Björn Franke News - Projects - Research - Teaching - Biography
Workshops, Seminars and Lectures Björn Franke teaches practical and theoretical aspects of design in studio courses, seminars, workshops and lectures. All seminars have both theoretical and practical components. The range of topics and briefings below are outcomes of his research activities and reflect his personal interest in and approach to design.
This seminar investigates the theoretical foundations of design and design practice as well as current issues and future directions of design. The theoretical analysis includes design as social action, design and responsibility, sociology of objects and cognitive design processes.
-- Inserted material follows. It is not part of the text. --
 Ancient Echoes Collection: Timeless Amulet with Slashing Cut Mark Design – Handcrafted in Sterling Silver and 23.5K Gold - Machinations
Current issues in design such as participatory design, customisation, and design activism will be approached through an analysis of literature and design projects. The seminar provides a forum to develop skills in design research and thinking and to understand the various factors that shape design activity, research, teaching, and outcomes.
This seminar aims to develop an understanding of the relationship between technology and society. Drawing on perspectives from history, anthropology, sociology and philosophy, the seminar explores the co-evolutionary aspects between technology and society. It aims to evaluate possibilities in design that embrace the concept of transdisciplinarity, moving beyond traditional subject boundaries and combining art and technology to expose the cultural divisions between art/humanities and science/technology.
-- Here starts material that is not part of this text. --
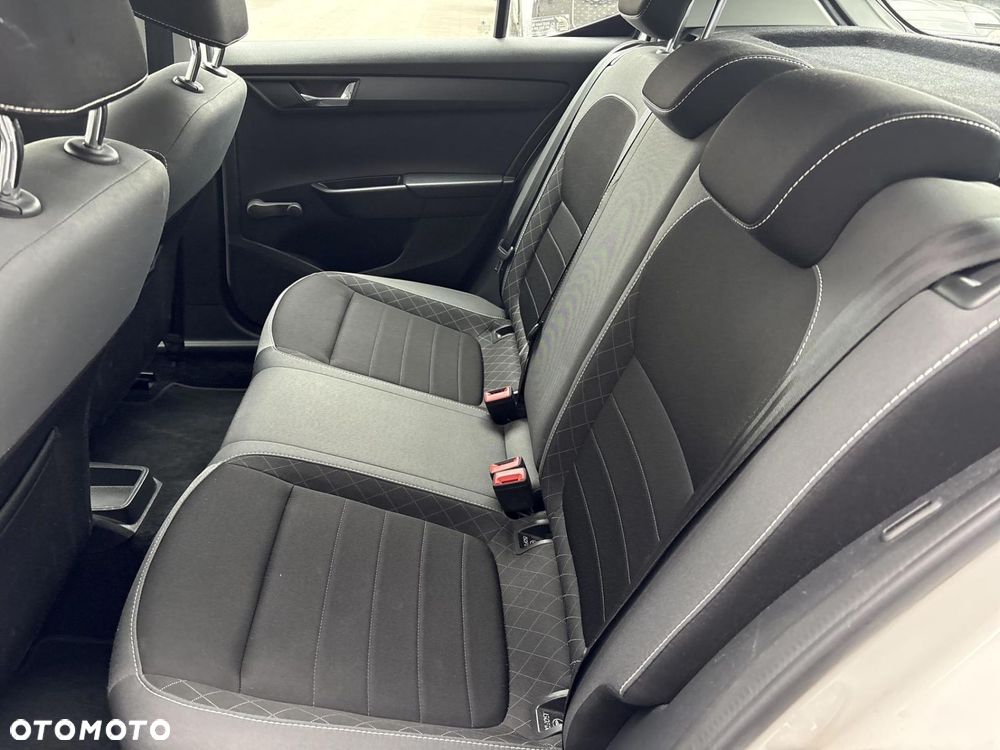 Skoda Fabia 1.0 Ambition - 16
The world that we live in is to a large extent the product of deliberate planning and construction. The built objects and environment that surround us strongly condition our actions, experiences, and sense of personal and collective possibilities. This seminar explores the relationship between the design of artefacts and the quality of social and political life. It investigates the social, cultural and political origins of designs and ways in which political ideas are represented in design. The inquiry is interdisciplinary, drawing on approaches from social science, philosophy, engineering, industrial design, architecture, urban planning, and information systems.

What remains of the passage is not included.